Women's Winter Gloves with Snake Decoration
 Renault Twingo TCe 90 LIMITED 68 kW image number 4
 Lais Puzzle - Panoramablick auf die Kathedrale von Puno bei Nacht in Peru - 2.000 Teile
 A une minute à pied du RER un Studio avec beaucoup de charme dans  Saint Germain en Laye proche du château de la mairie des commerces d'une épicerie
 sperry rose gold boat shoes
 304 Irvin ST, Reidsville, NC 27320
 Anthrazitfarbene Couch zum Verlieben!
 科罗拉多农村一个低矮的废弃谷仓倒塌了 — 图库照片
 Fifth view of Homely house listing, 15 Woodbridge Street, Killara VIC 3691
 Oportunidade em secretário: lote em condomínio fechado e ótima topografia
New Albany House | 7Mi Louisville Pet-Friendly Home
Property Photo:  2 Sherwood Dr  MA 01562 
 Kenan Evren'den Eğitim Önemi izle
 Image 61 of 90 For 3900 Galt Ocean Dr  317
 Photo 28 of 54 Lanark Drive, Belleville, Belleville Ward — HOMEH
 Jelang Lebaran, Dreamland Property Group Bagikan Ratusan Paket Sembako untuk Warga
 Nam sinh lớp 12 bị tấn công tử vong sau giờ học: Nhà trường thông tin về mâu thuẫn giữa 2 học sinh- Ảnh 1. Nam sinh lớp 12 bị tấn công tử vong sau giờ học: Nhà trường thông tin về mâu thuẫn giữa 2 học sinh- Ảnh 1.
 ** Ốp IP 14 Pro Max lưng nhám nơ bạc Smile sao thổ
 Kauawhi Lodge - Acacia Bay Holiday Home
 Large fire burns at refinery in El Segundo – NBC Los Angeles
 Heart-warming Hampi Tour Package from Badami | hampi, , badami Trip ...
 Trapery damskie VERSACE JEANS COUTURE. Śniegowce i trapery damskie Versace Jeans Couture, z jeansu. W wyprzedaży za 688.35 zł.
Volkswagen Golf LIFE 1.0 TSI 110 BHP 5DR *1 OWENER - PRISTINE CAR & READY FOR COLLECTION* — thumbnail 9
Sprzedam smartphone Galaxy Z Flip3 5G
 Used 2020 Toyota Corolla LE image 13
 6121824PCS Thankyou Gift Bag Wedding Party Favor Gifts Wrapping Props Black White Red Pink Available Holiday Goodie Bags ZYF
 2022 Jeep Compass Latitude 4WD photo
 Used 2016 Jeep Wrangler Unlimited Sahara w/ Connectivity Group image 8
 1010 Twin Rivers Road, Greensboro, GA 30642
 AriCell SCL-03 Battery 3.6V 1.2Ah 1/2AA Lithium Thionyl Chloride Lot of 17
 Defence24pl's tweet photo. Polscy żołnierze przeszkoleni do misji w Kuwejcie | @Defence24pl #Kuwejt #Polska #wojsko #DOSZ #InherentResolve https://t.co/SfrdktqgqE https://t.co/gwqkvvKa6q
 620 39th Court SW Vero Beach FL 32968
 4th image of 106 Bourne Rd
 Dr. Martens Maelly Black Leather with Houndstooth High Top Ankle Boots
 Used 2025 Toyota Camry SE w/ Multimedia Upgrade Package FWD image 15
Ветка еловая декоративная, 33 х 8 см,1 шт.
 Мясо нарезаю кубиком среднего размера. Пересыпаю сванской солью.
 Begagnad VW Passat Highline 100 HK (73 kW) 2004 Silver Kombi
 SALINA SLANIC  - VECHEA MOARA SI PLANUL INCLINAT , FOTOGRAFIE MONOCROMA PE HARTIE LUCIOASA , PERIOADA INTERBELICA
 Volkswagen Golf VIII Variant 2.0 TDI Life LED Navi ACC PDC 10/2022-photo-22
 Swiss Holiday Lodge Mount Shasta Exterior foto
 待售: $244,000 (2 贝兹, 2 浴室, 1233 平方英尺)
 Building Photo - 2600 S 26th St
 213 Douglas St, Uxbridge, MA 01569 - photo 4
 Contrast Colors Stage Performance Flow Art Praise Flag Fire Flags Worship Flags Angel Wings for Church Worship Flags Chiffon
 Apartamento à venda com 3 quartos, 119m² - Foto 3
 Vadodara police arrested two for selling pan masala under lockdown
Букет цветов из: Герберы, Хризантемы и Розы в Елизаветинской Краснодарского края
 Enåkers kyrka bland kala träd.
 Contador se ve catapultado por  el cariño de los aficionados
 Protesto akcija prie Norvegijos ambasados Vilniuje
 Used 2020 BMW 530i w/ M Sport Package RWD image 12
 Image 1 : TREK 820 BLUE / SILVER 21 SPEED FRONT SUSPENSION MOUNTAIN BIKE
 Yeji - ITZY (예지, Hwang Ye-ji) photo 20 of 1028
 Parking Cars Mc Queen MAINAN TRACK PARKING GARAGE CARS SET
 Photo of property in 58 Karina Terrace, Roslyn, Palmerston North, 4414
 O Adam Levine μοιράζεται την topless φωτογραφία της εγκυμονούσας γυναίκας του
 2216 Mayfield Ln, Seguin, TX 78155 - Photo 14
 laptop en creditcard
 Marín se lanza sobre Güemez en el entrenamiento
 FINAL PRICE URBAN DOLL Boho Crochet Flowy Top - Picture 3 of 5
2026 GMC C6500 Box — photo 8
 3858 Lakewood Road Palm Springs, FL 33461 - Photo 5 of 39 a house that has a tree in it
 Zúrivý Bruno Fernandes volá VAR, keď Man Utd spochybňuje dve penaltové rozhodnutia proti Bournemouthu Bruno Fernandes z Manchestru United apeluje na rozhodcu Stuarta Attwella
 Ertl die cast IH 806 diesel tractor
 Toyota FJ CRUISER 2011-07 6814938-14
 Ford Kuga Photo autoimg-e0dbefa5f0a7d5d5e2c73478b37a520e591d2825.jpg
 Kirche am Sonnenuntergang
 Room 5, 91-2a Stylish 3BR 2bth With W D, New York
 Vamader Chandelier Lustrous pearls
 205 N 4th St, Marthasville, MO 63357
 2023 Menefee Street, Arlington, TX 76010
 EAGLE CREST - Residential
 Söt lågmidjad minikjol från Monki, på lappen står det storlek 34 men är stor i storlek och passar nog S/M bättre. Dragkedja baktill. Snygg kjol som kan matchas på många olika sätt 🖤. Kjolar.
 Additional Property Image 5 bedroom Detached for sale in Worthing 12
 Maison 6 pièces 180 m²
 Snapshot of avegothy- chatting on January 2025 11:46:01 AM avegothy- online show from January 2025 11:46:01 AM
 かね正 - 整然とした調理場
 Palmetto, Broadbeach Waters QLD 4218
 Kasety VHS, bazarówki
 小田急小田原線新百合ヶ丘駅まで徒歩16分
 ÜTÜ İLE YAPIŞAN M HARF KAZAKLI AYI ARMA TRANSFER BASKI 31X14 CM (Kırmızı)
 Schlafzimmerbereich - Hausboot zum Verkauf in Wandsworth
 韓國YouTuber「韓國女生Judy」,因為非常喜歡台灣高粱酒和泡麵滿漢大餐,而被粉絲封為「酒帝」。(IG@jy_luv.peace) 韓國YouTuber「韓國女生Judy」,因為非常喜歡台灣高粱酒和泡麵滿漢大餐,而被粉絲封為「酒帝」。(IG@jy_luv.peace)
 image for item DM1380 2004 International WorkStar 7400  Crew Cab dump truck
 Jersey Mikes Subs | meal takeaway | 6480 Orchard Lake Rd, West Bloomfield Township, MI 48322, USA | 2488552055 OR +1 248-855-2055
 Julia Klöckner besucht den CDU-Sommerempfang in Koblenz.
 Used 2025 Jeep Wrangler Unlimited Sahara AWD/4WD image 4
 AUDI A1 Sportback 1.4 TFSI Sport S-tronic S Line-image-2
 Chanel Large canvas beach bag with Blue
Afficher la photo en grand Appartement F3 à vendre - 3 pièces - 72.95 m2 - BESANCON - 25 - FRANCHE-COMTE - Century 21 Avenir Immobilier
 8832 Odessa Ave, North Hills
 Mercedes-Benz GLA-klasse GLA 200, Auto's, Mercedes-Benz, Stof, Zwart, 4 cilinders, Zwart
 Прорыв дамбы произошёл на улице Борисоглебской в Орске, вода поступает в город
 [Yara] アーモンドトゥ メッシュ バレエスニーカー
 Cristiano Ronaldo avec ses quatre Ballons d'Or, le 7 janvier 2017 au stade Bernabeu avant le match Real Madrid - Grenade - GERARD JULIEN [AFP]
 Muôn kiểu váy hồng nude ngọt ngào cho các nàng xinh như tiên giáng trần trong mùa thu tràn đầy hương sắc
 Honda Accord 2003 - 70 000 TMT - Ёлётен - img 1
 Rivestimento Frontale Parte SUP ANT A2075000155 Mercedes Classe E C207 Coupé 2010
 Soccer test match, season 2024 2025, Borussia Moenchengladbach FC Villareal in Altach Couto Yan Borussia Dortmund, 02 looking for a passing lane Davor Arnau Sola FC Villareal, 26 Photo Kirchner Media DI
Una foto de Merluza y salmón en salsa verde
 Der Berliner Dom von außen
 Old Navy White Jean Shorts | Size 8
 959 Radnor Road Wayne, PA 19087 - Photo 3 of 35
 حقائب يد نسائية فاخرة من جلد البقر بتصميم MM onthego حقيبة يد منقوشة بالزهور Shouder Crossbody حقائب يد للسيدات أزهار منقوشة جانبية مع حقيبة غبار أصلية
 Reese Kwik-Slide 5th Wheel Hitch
= = = = = = =
• Required action:
How many lines in the records hold the string "pièces"? The number alone is the answer.

• Task response:
2